Tuesday, May 20, 2003 6:22:56 PM

Post# of 432922
Chat room junkies whip themselves into frenzies the instant they get wind of a sell.

Here we go again! LOL.

Insider Selling Rarely Defeats Winning Stock
By JONAH KERI
INVESTOR'S BUSINESS DAILY
November 9, 2000

Insider selling can trigger panic attacks with some investors. The sight of an exec dumping shares sends some antsy traders sprinting for their own sell button.


Not so fast. A CEO cashing in stock doesn't tell the whole story.

"Never, never, never base your decision on the singular event of an insider trade," said Bob Gabele, director of insider research at First Call/Thomson Financial. "You have to look at more pieces of information, at other pieces of the puzzle."

First Call is one of several services that track insider trading closely. In fact, you'd be hard-pressed to find even the smallest insider trades going by without a mention somewhere. News wires report them constantly. Chat room junkies whip themselves into frenzies the instant they get wind of a sell.

But insider sells could mean a lot of things, Gabele says. Kids' college tuition and luxury cars don't come cheap.

Neither does retirement.

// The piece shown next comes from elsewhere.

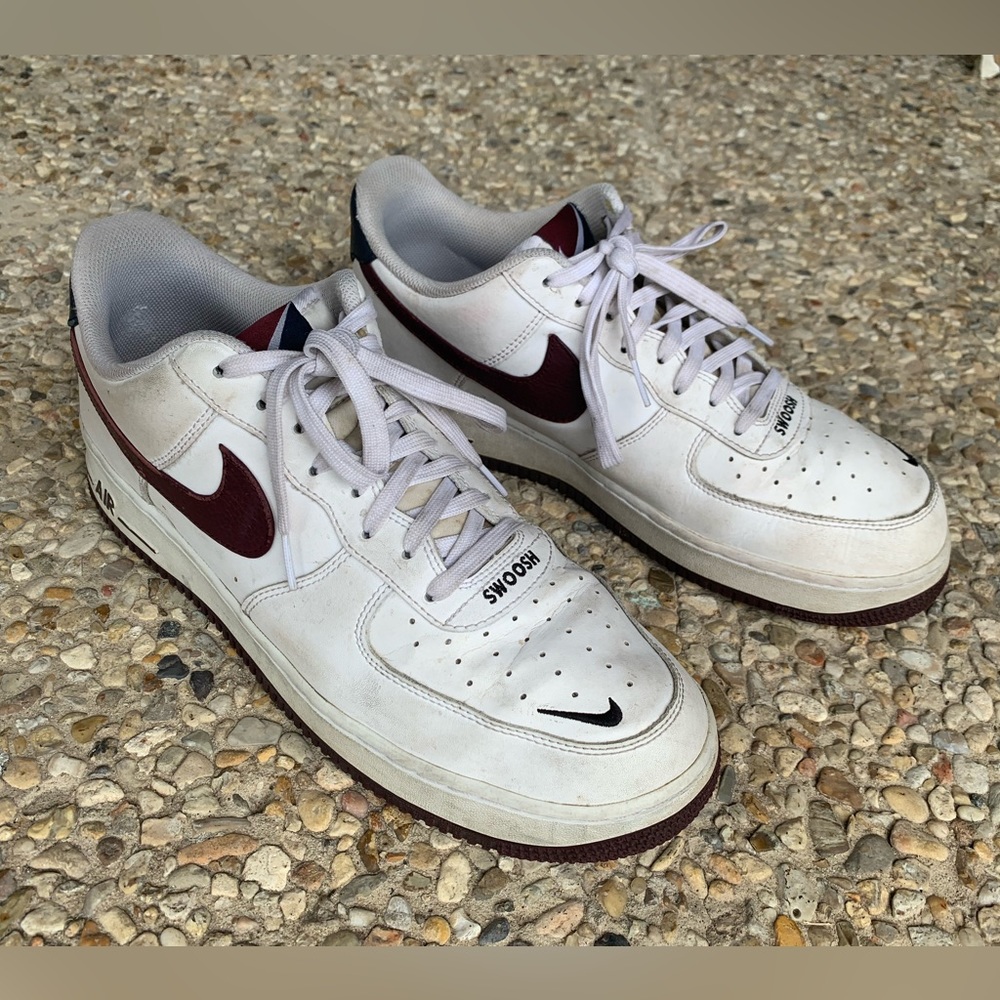 Nike Air Force 1 “swoosh” white maroon navy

An executive winding down his career may start his estate planning by cashing in shares. You'll often see large sells from such execs even while other insiders are buying stock, Gabele says.

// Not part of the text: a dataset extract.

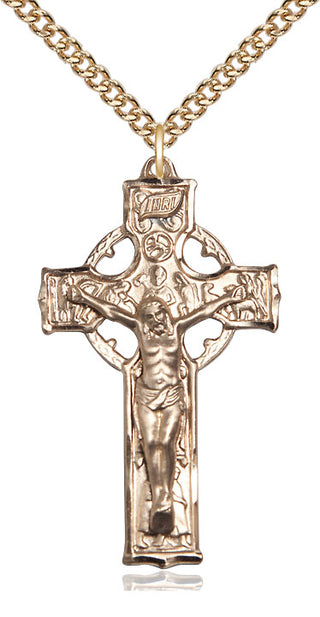 14kt Gold Celtic Crucifix Medal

Some big cheeses sell stock on a regular basis. Microsoft Chairman Bill Gates and Dell Computer CEO Michael Dell both do. They might be diversifying their holdings, or they could have other reasons.

"We all know about Gates' house," said Gabele, referring to the Microsoft head's palatial estate outside Seattle. "I'm sure that took a few shares to build."

Insiders rarely have the inside track on timing. Check out Cisco Systems. The stock shot out of a base in November 1998. Two weeks later, insiders unloaded a million shares (point 1 in graphic). Barely flinching, Cisco continued its run-up.

Starting in January 1999, the stock moved sideways for several weeks. Insiders cashed in another million shares in early March (point 2).

The selling continued all the way through the stock's run-up. But Cisco didn't take notice. It jumped nearly fivefold from its November 1998 breakout to its peak in March of this year.

You'll find plenty of better sell signs if you know where to look. For instance, sales and earnings growth could start to slow. More often, though, technical signs will precede fundamental ones. Some stocks will rocket up on huge volume in the final stages of a run-up, signaling a climax top.

They may gap higher in the last days of that run. That's an exhaustion gap, telling you your stock may be out of gas.

Look out for stocks moving higher on lower volume. They may lack the institutional muscle needed to push them to new heights. Without that support, your stock could fall quickly.

Beware of failed breakouts, too. A stock may look great blasting out a base. But if it drops back into its base, something's wrong. It may be time to sell.